Data supplied =

Segment Open

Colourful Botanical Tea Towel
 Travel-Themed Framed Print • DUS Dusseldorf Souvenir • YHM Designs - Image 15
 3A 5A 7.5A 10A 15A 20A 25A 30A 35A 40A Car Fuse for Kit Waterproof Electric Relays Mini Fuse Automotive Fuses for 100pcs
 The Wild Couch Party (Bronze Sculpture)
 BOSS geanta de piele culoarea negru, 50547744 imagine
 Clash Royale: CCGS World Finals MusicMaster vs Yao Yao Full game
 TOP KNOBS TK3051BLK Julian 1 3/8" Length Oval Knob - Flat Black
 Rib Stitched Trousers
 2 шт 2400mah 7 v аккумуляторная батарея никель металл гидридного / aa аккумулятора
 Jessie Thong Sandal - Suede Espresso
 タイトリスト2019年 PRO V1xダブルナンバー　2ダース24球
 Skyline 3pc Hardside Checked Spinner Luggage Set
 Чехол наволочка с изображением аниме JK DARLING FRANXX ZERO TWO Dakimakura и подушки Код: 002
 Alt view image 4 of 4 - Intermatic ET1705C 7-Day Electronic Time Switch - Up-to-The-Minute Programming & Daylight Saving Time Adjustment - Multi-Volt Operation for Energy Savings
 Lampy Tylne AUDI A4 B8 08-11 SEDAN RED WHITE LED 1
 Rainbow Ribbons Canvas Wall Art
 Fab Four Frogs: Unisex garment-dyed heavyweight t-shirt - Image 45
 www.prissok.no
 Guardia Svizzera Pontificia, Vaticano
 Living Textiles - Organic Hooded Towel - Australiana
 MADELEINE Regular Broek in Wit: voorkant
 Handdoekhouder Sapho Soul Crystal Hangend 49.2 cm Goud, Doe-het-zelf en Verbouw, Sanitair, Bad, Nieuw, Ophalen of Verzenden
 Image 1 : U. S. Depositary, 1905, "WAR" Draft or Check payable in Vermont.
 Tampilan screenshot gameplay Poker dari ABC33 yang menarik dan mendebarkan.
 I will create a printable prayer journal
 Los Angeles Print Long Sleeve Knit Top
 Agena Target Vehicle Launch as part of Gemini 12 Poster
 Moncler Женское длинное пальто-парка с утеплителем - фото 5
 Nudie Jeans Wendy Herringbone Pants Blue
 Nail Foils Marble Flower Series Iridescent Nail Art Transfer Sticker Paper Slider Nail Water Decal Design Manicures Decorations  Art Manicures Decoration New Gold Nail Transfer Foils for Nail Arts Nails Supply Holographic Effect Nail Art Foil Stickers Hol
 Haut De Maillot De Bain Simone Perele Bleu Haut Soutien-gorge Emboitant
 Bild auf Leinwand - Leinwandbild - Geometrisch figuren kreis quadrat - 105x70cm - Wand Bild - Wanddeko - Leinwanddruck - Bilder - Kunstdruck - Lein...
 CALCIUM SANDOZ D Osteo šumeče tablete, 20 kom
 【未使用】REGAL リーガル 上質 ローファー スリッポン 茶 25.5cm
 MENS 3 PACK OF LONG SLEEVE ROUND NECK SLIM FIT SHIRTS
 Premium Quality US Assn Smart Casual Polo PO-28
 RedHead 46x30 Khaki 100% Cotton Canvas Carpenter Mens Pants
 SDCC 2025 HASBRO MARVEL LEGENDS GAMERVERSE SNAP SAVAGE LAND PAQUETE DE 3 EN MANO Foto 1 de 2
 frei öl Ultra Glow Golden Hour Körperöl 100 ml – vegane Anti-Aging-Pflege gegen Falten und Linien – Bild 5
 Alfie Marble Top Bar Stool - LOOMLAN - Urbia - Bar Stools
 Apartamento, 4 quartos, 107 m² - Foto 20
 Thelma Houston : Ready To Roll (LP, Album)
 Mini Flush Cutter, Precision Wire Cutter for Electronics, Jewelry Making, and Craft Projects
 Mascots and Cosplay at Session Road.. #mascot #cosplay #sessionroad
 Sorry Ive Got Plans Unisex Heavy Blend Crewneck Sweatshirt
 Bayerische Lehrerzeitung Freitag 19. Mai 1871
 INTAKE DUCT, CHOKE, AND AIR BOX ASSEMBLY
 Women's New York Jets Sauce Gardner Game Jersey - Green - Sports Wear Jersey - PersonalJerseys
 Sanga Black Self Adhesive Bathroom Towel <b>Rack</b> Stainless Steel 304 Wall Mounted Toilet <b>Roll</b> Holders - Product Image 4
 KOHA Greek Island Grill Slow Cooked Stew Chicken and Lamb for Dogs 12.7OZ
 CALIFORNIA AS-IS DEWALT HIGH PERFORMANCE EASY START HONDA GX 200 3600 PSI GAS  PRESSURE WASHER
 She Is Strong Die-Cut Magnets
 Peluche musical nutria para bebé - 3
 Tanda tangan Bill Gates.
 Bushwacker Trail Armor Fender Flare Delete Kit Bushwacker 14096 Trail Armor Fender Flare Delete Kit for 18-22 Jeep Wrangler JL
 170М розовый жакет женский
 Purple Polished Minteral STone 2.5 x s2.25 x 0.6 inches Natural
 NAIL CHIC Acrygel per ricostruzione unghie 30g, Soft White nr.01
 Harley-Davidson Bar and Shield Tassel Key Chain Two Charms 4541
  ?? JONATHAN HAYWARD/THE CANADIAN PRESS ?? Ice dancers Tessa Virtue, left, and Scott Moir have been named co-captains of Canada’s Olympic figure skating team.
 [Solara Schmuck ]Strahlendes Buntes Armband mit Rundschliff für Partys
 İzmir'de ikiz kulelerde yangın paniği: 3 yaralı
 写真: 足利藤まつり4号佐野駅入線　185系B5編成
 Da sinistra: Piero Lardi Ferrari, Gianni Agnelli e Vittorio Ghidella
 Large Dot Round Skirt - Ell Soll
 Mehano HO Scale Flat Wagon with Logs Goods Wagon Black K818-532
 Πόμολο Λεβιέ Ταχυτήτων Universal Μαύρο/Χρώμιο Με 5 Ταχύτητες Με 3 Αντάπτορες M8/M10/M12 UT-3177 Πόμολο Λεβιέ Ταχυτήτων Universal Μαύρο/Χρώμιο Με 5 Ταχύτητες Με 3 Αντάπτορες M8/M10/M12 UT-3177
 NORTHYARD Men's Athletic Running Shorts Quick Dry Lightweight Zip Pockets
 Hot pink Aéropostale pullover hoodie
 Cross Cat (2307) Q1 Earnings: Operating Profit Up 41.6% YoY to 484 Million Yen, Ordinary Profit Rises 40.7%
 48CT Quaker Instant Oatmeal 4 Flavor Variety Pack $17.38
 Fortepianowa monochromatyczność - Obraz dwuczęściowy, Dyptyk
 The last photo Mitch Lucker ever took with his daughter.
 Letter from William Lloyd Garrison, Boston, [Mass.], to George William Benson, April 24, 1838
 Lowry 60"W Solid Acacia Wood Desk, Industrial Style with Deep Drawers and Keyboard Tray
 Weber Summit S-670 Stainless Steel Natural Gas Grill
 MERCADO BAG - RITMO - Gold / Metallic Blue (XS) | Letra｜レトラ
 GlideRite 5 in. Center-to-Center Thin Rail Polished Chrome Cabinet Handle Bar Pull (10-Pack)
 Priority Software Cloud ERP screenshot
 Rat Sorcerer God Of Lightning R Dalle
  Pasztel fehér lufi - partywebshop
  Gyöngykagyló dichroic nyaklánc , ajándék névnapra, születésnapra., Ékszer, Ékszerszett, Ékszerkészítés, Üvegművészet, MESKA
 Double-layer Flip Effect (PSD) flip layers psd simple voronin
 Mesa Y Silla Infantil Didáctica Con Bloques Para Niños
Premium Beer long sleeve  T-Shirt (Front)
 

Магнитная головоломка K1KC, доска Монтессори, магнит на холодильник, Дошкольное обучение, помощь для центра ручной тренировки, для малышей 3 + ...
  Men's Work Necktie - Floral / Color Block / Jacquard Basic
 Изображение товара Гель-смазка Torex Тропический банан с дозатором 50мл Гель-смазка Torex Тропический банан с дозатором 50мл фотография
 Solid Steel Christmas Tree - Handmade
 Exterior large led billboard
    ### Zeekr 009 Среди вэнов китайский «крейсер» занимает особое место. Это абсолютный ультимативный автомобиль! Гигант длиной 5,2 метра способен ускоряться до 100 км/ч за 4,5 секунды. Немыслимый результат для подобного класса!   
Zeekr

Segment Closed

What needs to be done = Retype only the stretch of lines above starting at the one with "Bild auf Leinwand" and stopping at the one with "Women's New York", exactly as written, with both kept.

Your solution =
 Bild auf Leinwand - Leinwandbild - Geometrisch figuren kreis quadrat - 105x70cm - Wand Bild - Wanddeko - Leinwanddruck - Bilder - Kunstdruck - Lein...
 CALCIUM SANDOZ D Osteo šumeče tablete, 20 kom
 【未使用】REGAL リーガル 上質 ローファー スリッポン 茶 25.5cm
 MENS 3 PACK OF LONG SLEEVE ROUND NECK SLIM FIT SHIRTS
 Premium Quality US Assn Smart Casual Polo PO-28
 RedHead 46x30 Khaki 100% Cotton Canvas Carpenter Mens Pants
 SDCC 2025 HASBRO MARVEL LEGENDS GAMERVERSE SNAP SAVAGE LAND PAQUETE DE 3 EN MANO Foto 1 de 2
 frei öl Ultra Glow Golden Hour Körperöl 100 ml – vegane Anti-Aging-Pflege gegen Falten und Linien – Bild 5
 Alfie Marble Top Bar Stool - LOOMLAN - Urbia - Bar Stools
 Apartamento, 4 quartos, 107 m² - Foto 20
 Thelma Houston : Ready To Roll (LP, Album)
 Mini Flush Cutter, Precision Wire Cutter for Electronics, Jewelry Making, and Craft Projects
 Mascots and Cosplay at Session Road.. #mascot #cosplay #sessionroad
 Sorry Ive Got Plans Unisex Heavy Blend Crewneck Sweatshirt
 Bayerische Lehrerzeitung Freitag 19. Mai 1871
 INTAKE DUCT, CHOKE, AND AIR BOX ASSEMBLY
 Women's New York Jets Sauce Gardner Game Jersey - Green - Sports Wear Jersey - PersonalJerseys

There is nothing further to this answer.